*** Supplied records ***
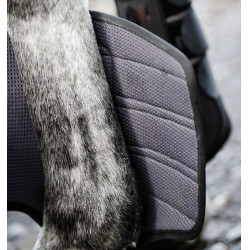 Guêtres de Dressage Horseware® Pro Bamboo Noir / noir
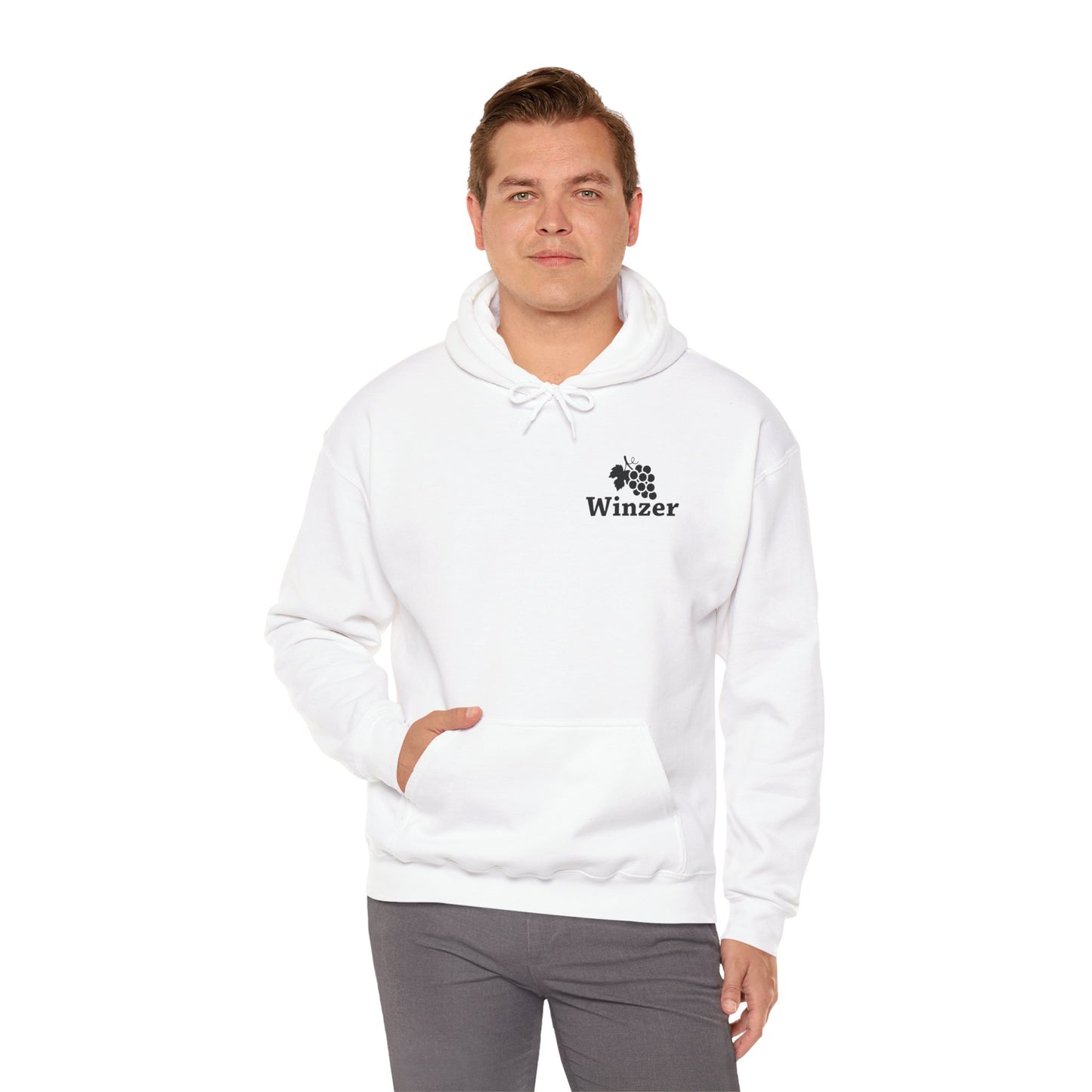 Winzer Basic Hoodie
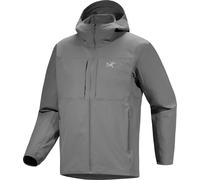 Arc'teryx - Giacca da escursionismo stretch - Gamma LT Hoody M Void per Uomo in Softshell - Taglia S - Beige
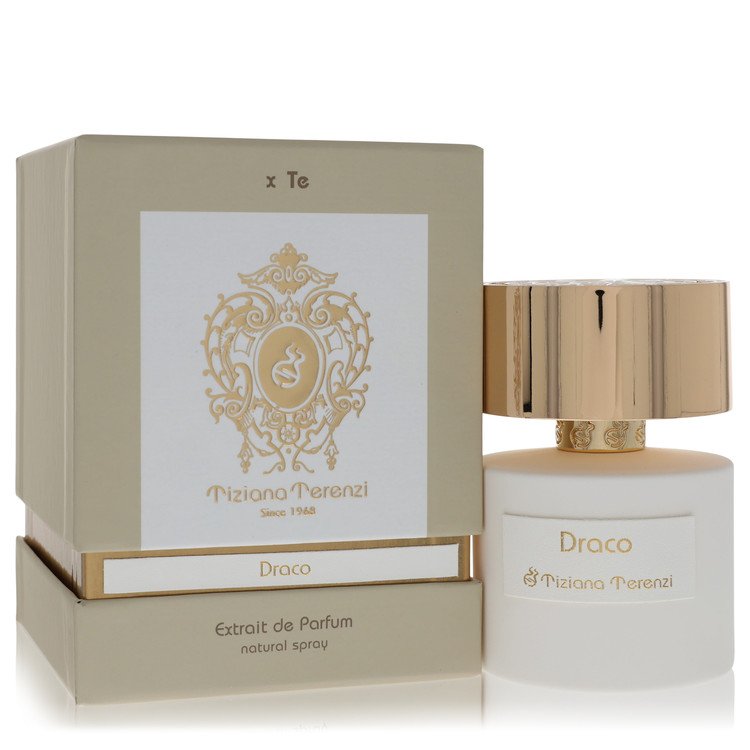 Draco Extrait De Parfum Spray By Tiziana Terenzi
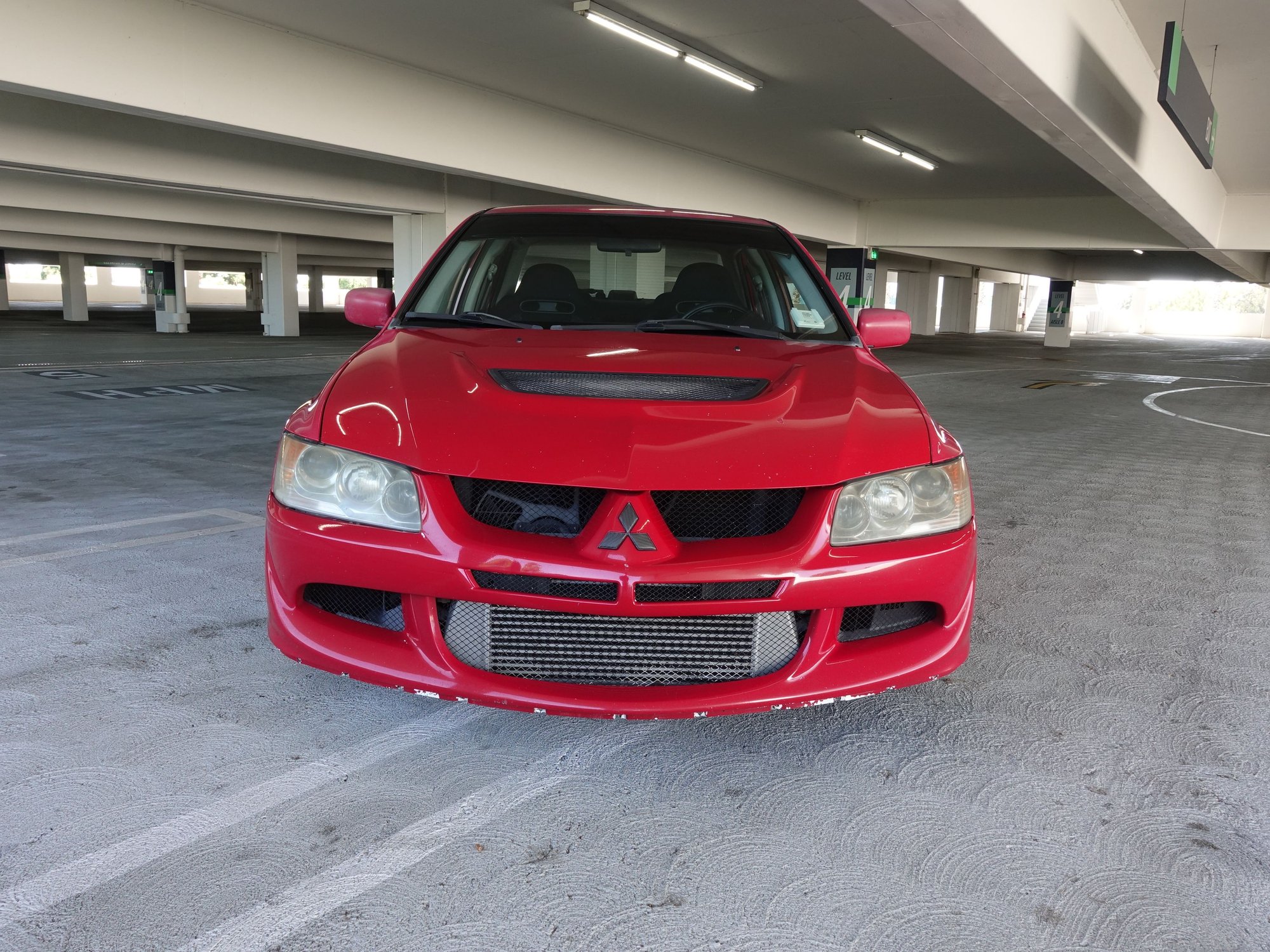 2003 Mitsubishi Lancer Evolution - 2003 Evolution 8 Rally Red - Used - VIN JA3AH86F33U096578 - 120,976 Miles - 4 cyl - AWD - Manual - Sedan - Red - Los Angeles, CA 90703, United States
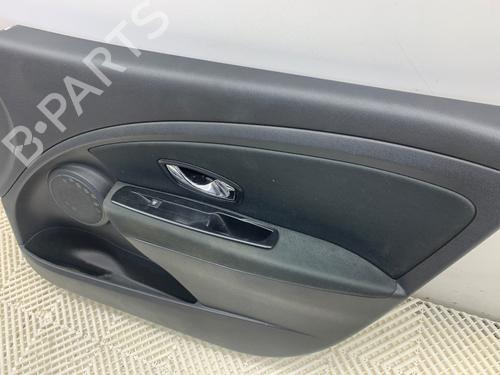 Front right panel RENAULT MEGANE III Hatchback (BZ0/1_, B3_) 1.5 dCi (BZ1G, BZ1W, BZ0R) | BP39326527C59 - Image 2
*** End of Supplied records ***
• **What the task requires**
What is needed is a word-for-word copy of the lines from the one containing "Draco Extrait De" through the final line of the records above, both included, with the pictures left out.

• **Worked solution**
 Draco Extrait De Parfum Spray By Tiziana Terenzi
 2003 Mitsubishi Lancer Evolution - 2003 Evolution 8 Rally Red - Used - VIN JA3AH86F33U096578 - 120,976 Miles - 4 cyl - AWD - Manual - Sedan - Red - Los Angeles, CA 90703, United States
 Front right panel RENAULT MEGANE III Hatchback (BZ0/1_, B3_) 1.5 dCi (BZ1G, BZ1W, BZ0R) | BP39326527C59 - Image 2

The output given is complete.